Done!
My two-book anthology is officially published. What a long, frustrating trip this was. Even though I still have two novels that were only published as ebooks, I don't think I could bear to go through the paperback process again. (But if I get bored enough, who knows?)
The strange thing is that formatting Running From Herself as a paperback produced no angst. There were a couple of small frustrations, such as trying to fit forty chapters onto KDP's table of contents template, but I simply deleted the table of contents all together. If one is reading a novel on paperback, use a damn bookmark!
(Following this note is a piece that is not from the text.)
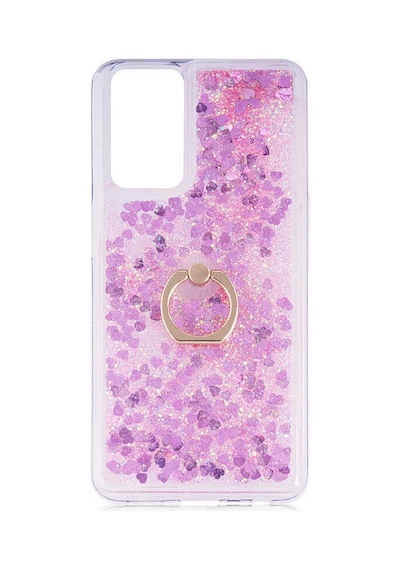 Flody Samsung Galaxy Uyumlu A55 Kılıf Sulu Simli Akışkan Silikon Yüzüklü Pembe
I believe my latest problems were the result of trying to publish such a fat book (or books)-- 554 and 560 pages. The width of each book's spine resulted in off-kilter text that either bled into the spine itself or trailed off the page, until I finally figured out how to format correctly. KDP isn't in the business of making authors' lives easier; I get that, but Amazon does take a percentage of a book's royalties, so the least it could do is improve its "help" topics.
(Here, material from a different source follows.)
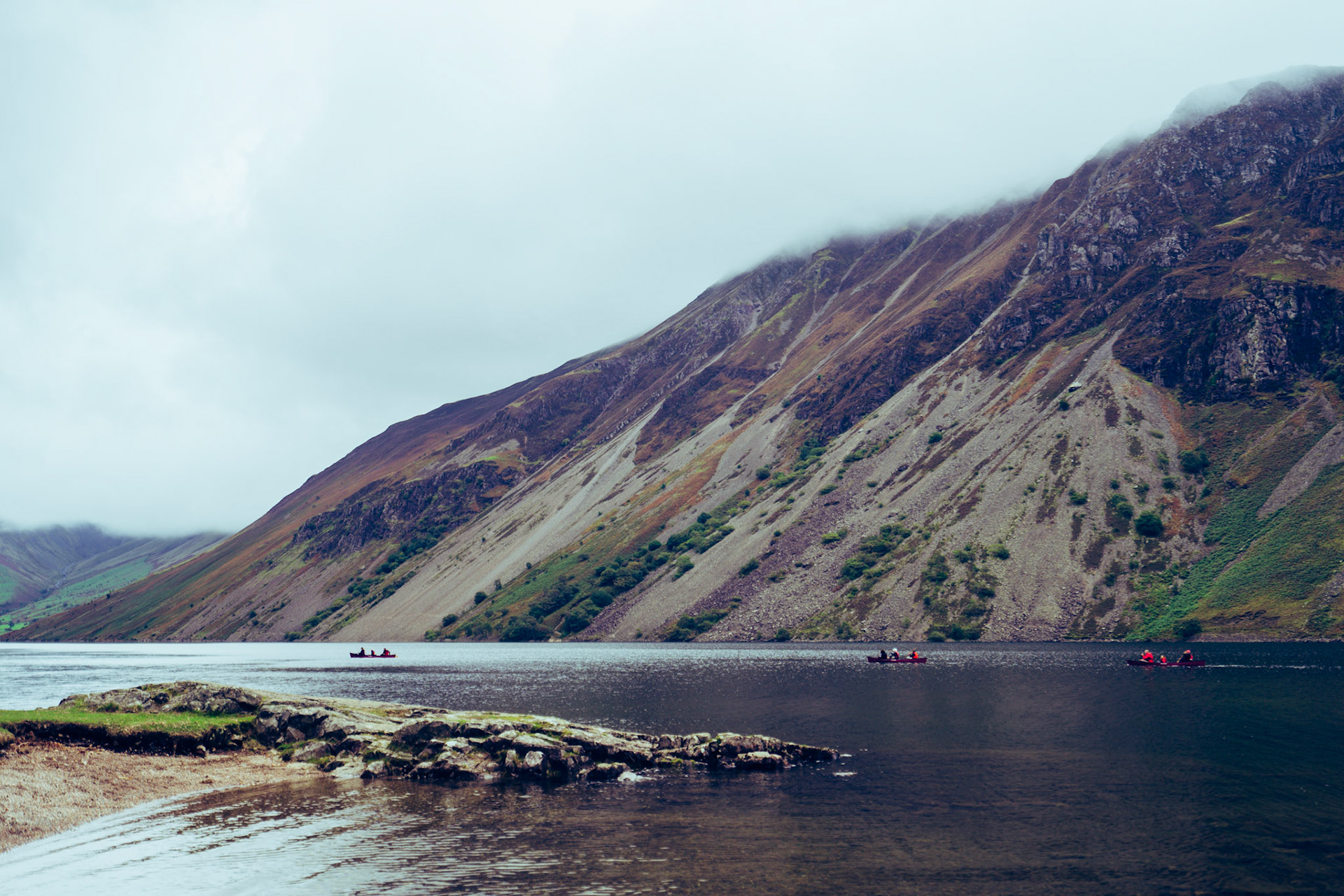 A beautiful landscape shot of Wastwater in the Lake District, England, UK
It's very true that I don't know how my paperbacks look in real life. And I won't know until I receive my proof copies. So, my triumphant dance could well be premature. I'm choosing for now to be positive about that.
Here are the books (their links are embedded in the images, if you're interested):
I don't feel pumped or proud, or any emotion, really. Don't get me wrong--the stories inside them are good. But publishing them doesn't produce the endorphins that publishing a brand new novel does. I was SO excited when I published Running From Herself. It was a wonderful feeling, albeit a fleeting one.
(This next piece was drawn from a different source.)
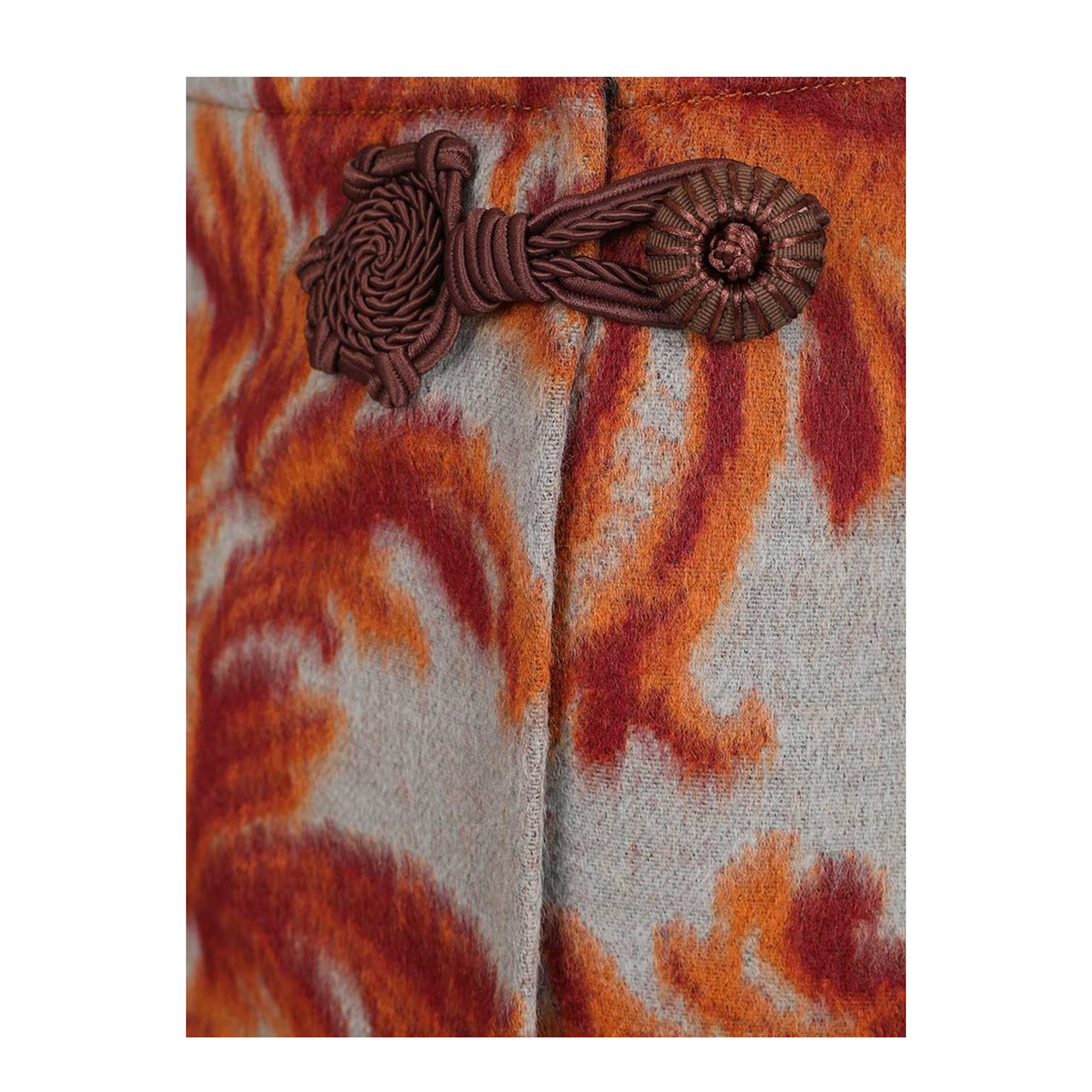 Wool-Blend Mini Skirt with Leafy Motif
**And believe it or not, I already sold a copy of Touching Home!**
Regarding the book covers, GetCovers did an adequate job. I much prefer the second book's cover, except for the white text denoting the name of the series. Face it, it's almost impossible to read. In the designer's defense, I don't know what other color would have looked right. And obviously, the styles of the two books match, which I assume is important with a series (series authors tell me). I spent $70.00 in total, which should have only been $30.00, except I ordered paperback covers, too, which I was unable to use. The requisition asked for the back cover blurbs, but I didn't have them written, so while the back covers were nice and fancy, they were unusable. KDP doesn't let an author add text to a PDF (hello?) Oh, well. I can't anticipate every freakin' problem that might arise. I maybe thought I'd receive the paperback covers as JPG's, but honestly, I really didn't think about it at all.
I mentioned in a previous post that I was struggling with the second book's blurb, but I got 'er done, and it doesn't suck. Then, once I chose expanded distribution for my paperbacks, I thought about Draft2Digital's library distribution option, and although I didn't intend to tackle a new project at the end of the day, I decided to put the books up on the site and make them available to libraries. (No library has chosen to stock Running From Herself, so my chances are slim. Nevertheless.)
Well, that created a whole new set of problems. I couldn't use the Kindle Create versions, and I was too tired to realize that Kindle Create also allows one to save as an epub (dammit), so I made epubs from scratch. I will say, though, that it wasn't difficult. If I wasn't so superstitious, I probably could have formatted my paperbacks without using KDP's formatting template. But I wouldn't try it.
The hardest part of formatting a Word doc to get it ready for epub conversion was learning how to do certain things, such as inserting blank pages, centering text on a page, creating a table of contents (which matters more for an ebook than it does for a paperback). Luckily, Google was johnny-on-the-spot with answers.
Overall, for two books it went fairly quickly. Then I used calibre to convert them to epubs. It was actually more tedious to fill in D2D's many questions (BISAC? I only recently learned what that even is). All went well, and now I can pretend that libraries would want to purchase my books.
Now my job is done. Theoretically.
More than excitement, it's simply a relief.